Lisen the set out on a campaign and interviewed 186 women, and surveyed another 1500 to find out how they integrated children with career. The criteria was that they be college educated, and have children. These were the women that were supposedly at the top of the ladder, and she wanted to find out why.
The results were quite astounding. She found that 72% of the women had either downshifted or left the paying workforce entirely as some point in their careers. And even more interesting was the fact that many very successful women she interviewed didn’t even own their pauses, stating instead that they were simply taking time off to take care of their parents or children, not pausing.
She found ultimately that there is a deep seated bias against caregiving, and that we are not owning our own truth and stories. Lisen wanted to break through that bias, and acknowledge that these women were rocking it, and they need to realize that they are trailblazers, and creating their own truths.
The definition of pause is different for everyone – for some it is reduced hours, going part-time, or leaving the workplace completely. Some of those women go back after an extended absence, even 15 years, boomerang back and completely reinvent their careers.
There are also women who use that pause to pivot. They leave their corporate jobs and downshift to care give, and then reinvent themselves. Technology has caught up to what women want, encouraging entrepreneurship and gig work. The way we work is changing at a rapid pace – more flexibility, and work from home options.
What hasn’t changed is the huge lack of support for mothers in the workplace. There is also a deep seated bias towards women who are seen as less productive, and less promotional.
However, with the majority of consumers being women, clients are asking for more female representation – 50/50 in fact. So changes are needed, and being encouraged.
What Lisen Does Well With Money
Lisen admits that in the past she did not inform herself on what a fair wage was for her profession. “You muck with the money you muck with the family” became her philosophy. She is now very empowered now and is willing to forgo opportunities in favor of the right positions with the right salary and benefits.
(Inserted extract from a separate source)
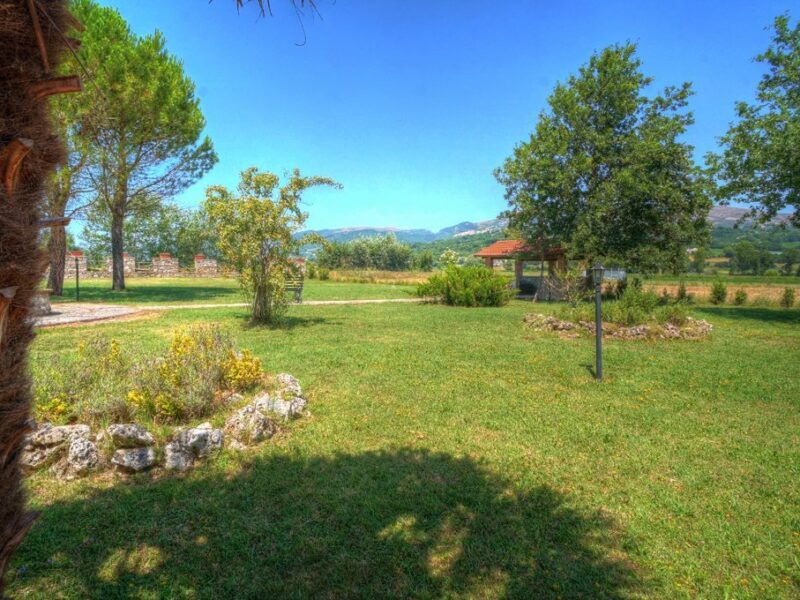 CANTALUPO NEL SANNIO (IS) - 211 STUPENDO CASALE CON GIARDINO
She also was vigilant about saving while she was on pause from the workforce, ensuring she continued to make contributions to her retirement, and savings program so that she would be able to support her children in future years. Lisen offers listeners this piece of advice: Your human capital matters, and whether you are in the paying work force or not, support your human capital (meaning your children).
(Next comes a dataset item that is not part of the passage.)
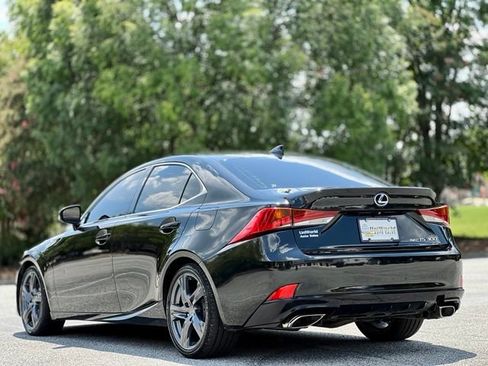 Used 2018 Lexus IS 300 AWD w/ Comfort Package image 7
In the book in the chapter called Money Matters, Plan Accordingly, Lisen has a link to a calculator that evaluates the implication of loss revenue. This will allow you to plan ahead, and be prepared for the future.
Best Money She Spent
The best money Lisen has ever spent was on high quality child care. She finds it heartbreaking that at the moment, there is a huge influx of millennials that are being shoved out of the workplace because they cannot handle the high cost of child care coupled with student loans because the high cost of child care in the US.
What Tools Lisen Uses
Lisen and her husband use Quicken, and use a Pro-forma for 1, 5, 10 and 20 years ahead. She admits that during the brief time she wasn’t earning money, she wasn’t as attentive about managing the money and if she had the chance, she would go back and do things differently.
Proudest Money Moment
For Lisen, going back to work after a pause, and making more money than before was a very proud money moment. Of course, the longer the pause, the more difficult the reintegration to the workforce will be. Successful reintegration depends on staying in touch – the most successful women never took their eyes off of their careers. They networked, attended conferences, and communicated with colleagues.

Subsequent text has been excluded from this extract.